BATON ROUGE, La. (WAFB) - The weather over the next couple of days will be quiet. We will enjoy comfortable conditions through the remainder of the weekend as temperatures stay right at where they should be for this time of year.
We stay dry through Monday as high pressure is in control. Mid-week focus turns to the tropics. Tropical Depression #28 has formed in the NW Caribbean Sea. T.D. #28 is forecast to strengthen gradually as it slowly moves through the Caribbean over the next 48 hours.
T.D. #28 will become the 27th named storm (Zeta) of the 2020 Atlantic Hurricane Season. That will put 2020 just one named storm from tying the record setting season of 2005. T.D. #28 is currently in weak steering currents.

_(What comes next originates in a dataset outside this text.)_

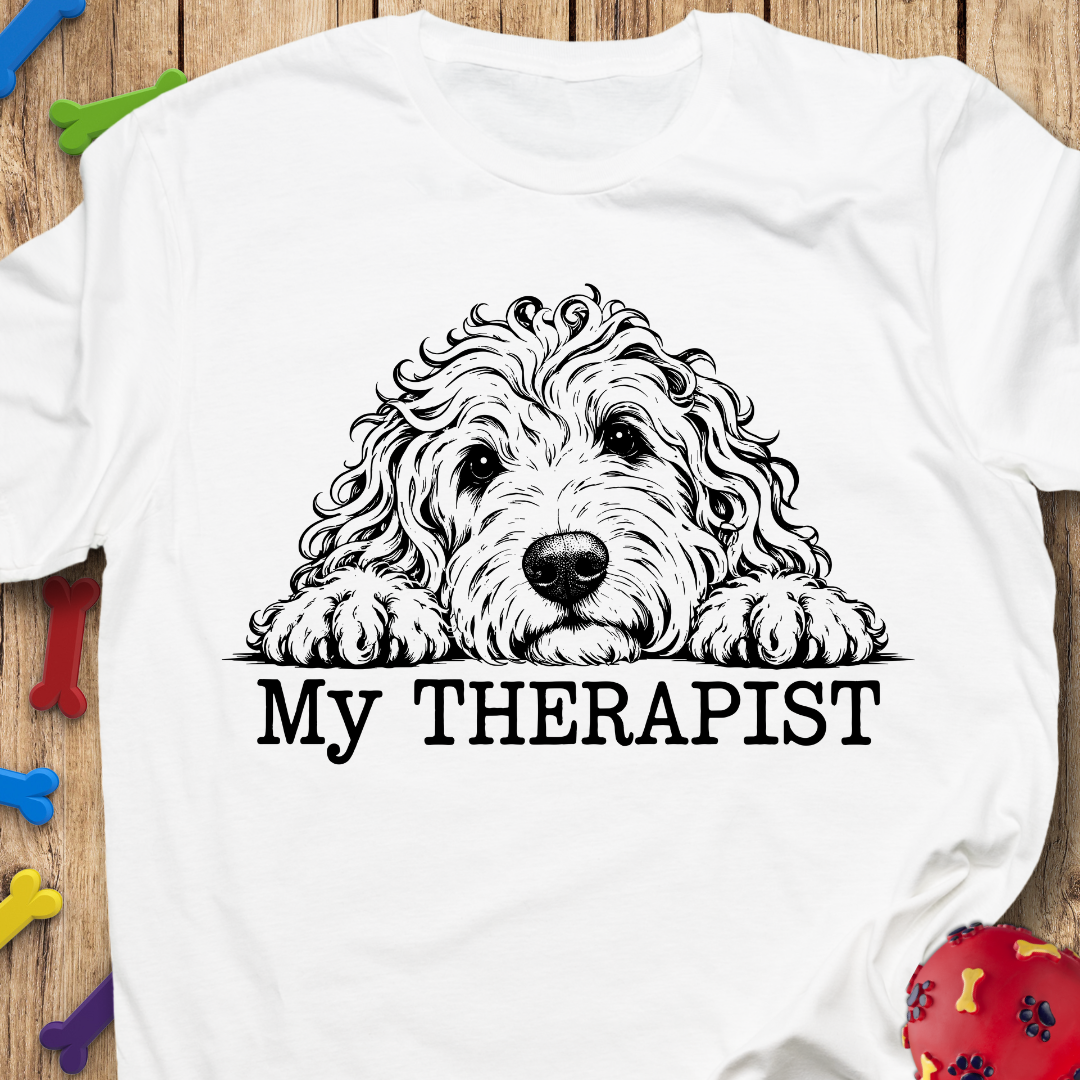 My Therapist Goldendoodle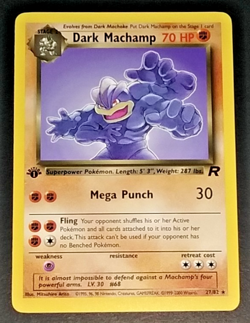 1ST EDITION POKEMON TEAM ROCKET DARK DRAGONAIR DARK MACHAMP AND EEVEE - NON HOLO - Image 4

T.D. #28 will drift slowly NW over the next couple of days. Once it emerges into the Gulf of Mexico Monday evening, T.D. #28 will pick up forward speed as high pressure to its NE pushes it West-Northwest.
Eventually an area of low pressure moving out of the Southwest U.S. will take over steering and gradually turn T.D. #28 towards the north and then northeast. How soon this turn occurs will determine which part of the North Central Gulf Coast Region will have to brace for yet another Gulf landfalling tropical cyclone.
The current National Hurricane Center cone of uncertainty includes all of LA, MS, AL, and a part of the Florida Panhandle. The NHC warns at this time the forecast track remains a low confidence forecast.
T.D. #28 is forecast to reach a peak intensity of Category 1 Hurricane Tuesday afternoon in the Southern Gulf of Mexico. This will occur as T.D. #28 moves over a more conducive environment for development.
The Central and Northern Gulf of Mexico are forecast to be less conducive for development as wind shear and cooler sea surface temperatures should limit strengthening and most likely cause weakening prior to landfall.
The NHC currently has a strong tropical storm making landfall somewhere along the North Central Gulf Coast Region Wednesday afternoon/evening. Based on the current NHC track and intensity, the main threats from this system are likely to be surge and strong damaging winds resulting in power outages.
Areas around the tidal lakes and along the immediate coast should expect to continue to see a slow rise in water levels over the next several days as T.D. #28 approaches. Tropical Storm force winds could occur as early as Tuesday evening along the LA Coast.
Once T.D. #28 moves through the area we will see quiet weather again right through the Halloween weekend. Temperatures will be cooler than normal for Halloween. If the kids will be trick or treating, prepare for temperatures in the low 60s.
Don’t forget to turn clocks back one hour Saturday night into Sunday morning as we end Daylight Saving Time. The federal government has not approved Louisiana’s law keeping the state in Daylight Saving Time.